___ AVAILABLE DATA ___
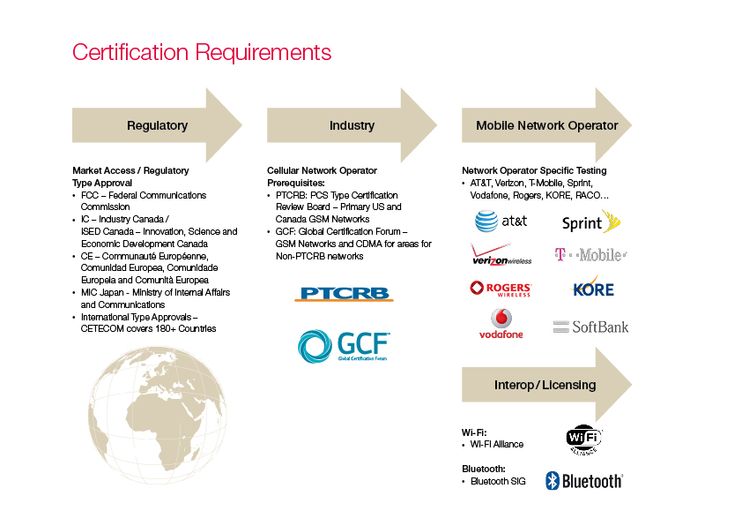 The different Certification Requirements in terms of Regulatory-, Industry-, Mobile Network Operator- and Interop / Licensing Requirements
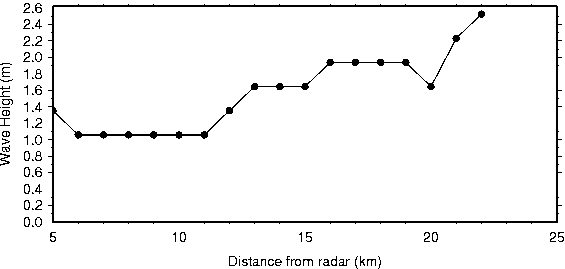 Wave Height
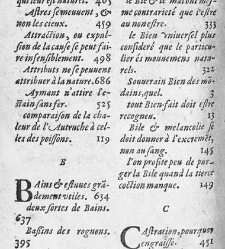 Les Songes de Phestion, paradoxes physiologiques. Ensemble un dialogue de l'immortalit&eacute; de l'&acirc;me et puissance de nature, par Pierre Bailly,...(1634) document 455793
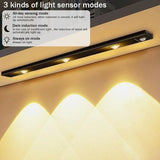 LED PIR Motion Sensor Cabinet With USB Rechargeble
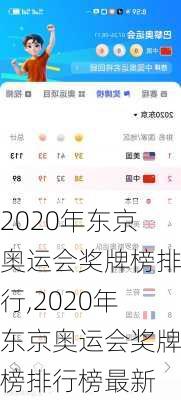 2020年东京奥运会奖牌榜排行,2020年东京奥运会奖牌榜排行榜最新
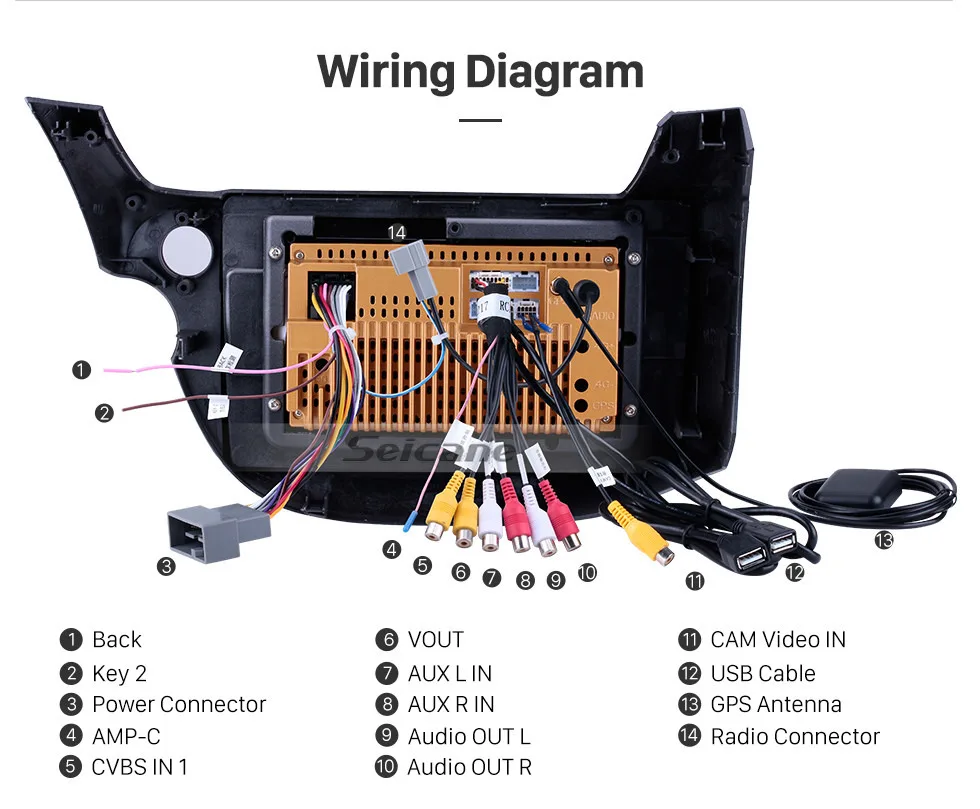 Seicane 10," Android 9,0 2din Автомагнитола радио плеер gps навигация для 2007 2008 2009 2010 2011- HONDA FIT JAZZ RHD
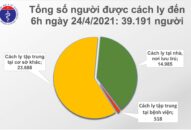 Sáng 24/4: Việt Nam thêm 2 ca mắc COVID-19, thế giới đã trên 146,1 triệu ca
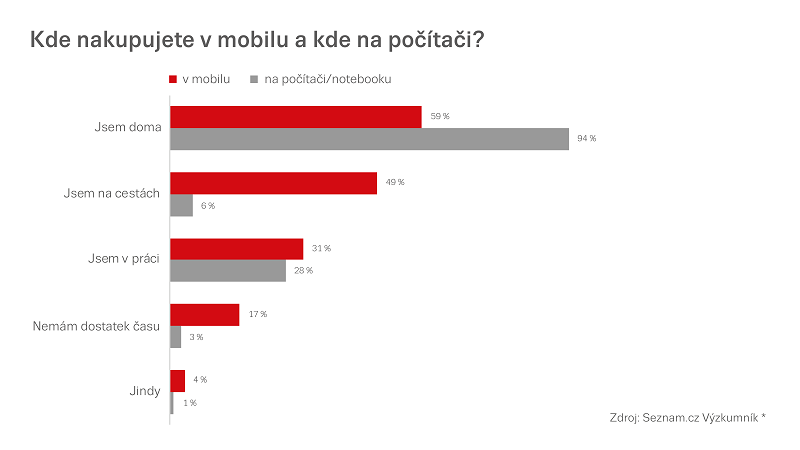 /media/9232/seznam_kde-nakupujete-v-mobilu-a-kde-na-počítači_upr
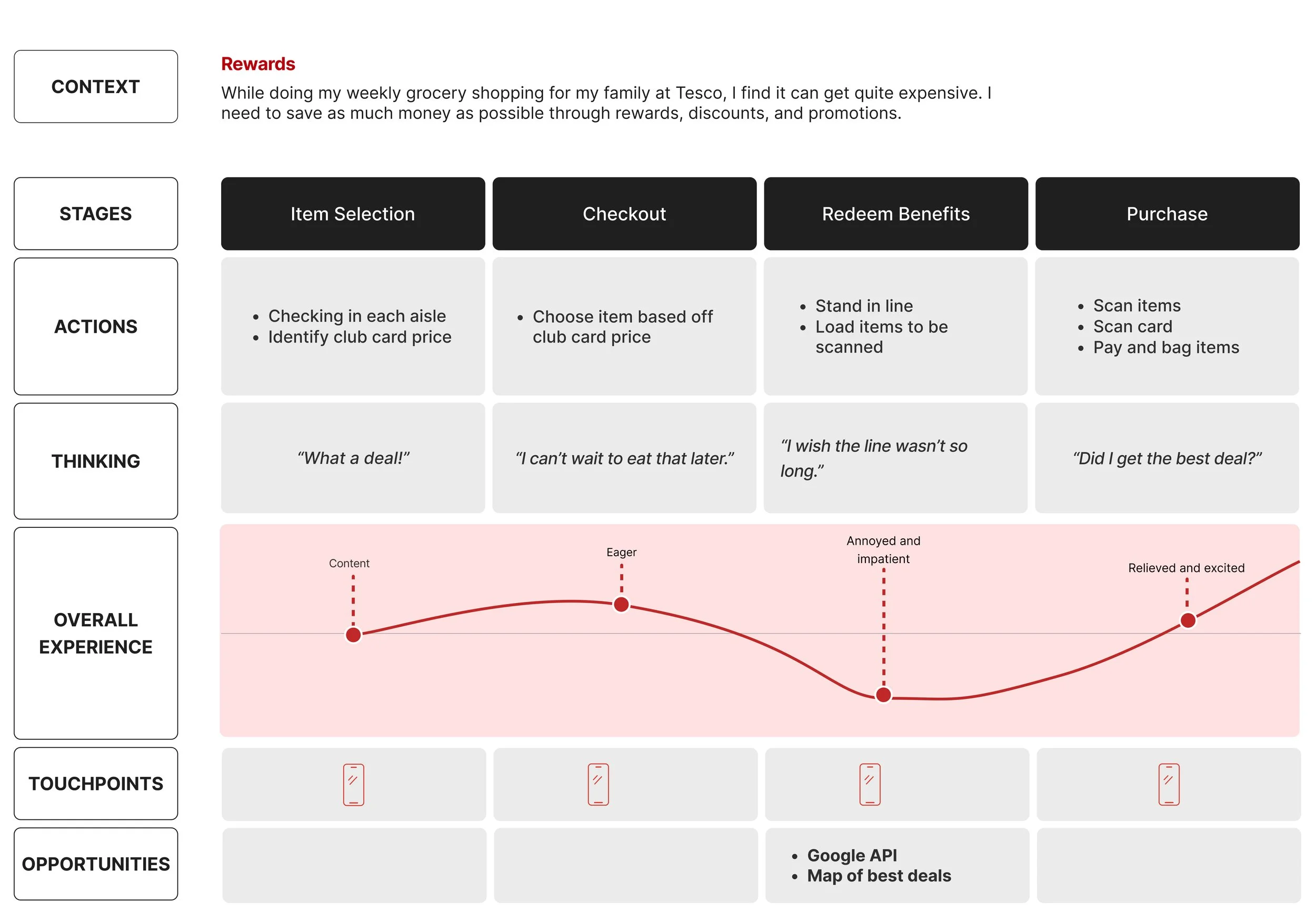 Rewards Experience Map.jpg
___
● **WORK INSTRUCTION**
No pictures should appear in the copy. Reproduce exactly the lines from the line containing "Les Songes de" through the last line of the data, inclusive.

● **ANSWER SECTION**
 Les Songes de Phestion, paradoxes physiologiques. Ensemble un dialogue de l'immortalit&eacute; de l'&acirc;me et puissance de nature, par Pierre Bailly,...(1634) document 455793
 LED PIR Motion Sensor Cabinet With USB Rechargeble
 2020年东京奥运会奖牌榜排行,2020年东京奥运会奖牌榜排行榜最新
 Seicane 10," Android 9,0 2din Автомагнитола радио плеер gps навигация для 2007 2008 2009 2010 2011- HONDA FIT JAZZ RHD
 Sáng 24/4: Việt Nam thêm 2 ca mắc COVID-19, thế giới đã trên 146,1 triệu ca
 /media/9232/seznam_kde-nakupujete-v-mobilu-a-kde-na-počítači_upr
 Rewards Experience Map.jpg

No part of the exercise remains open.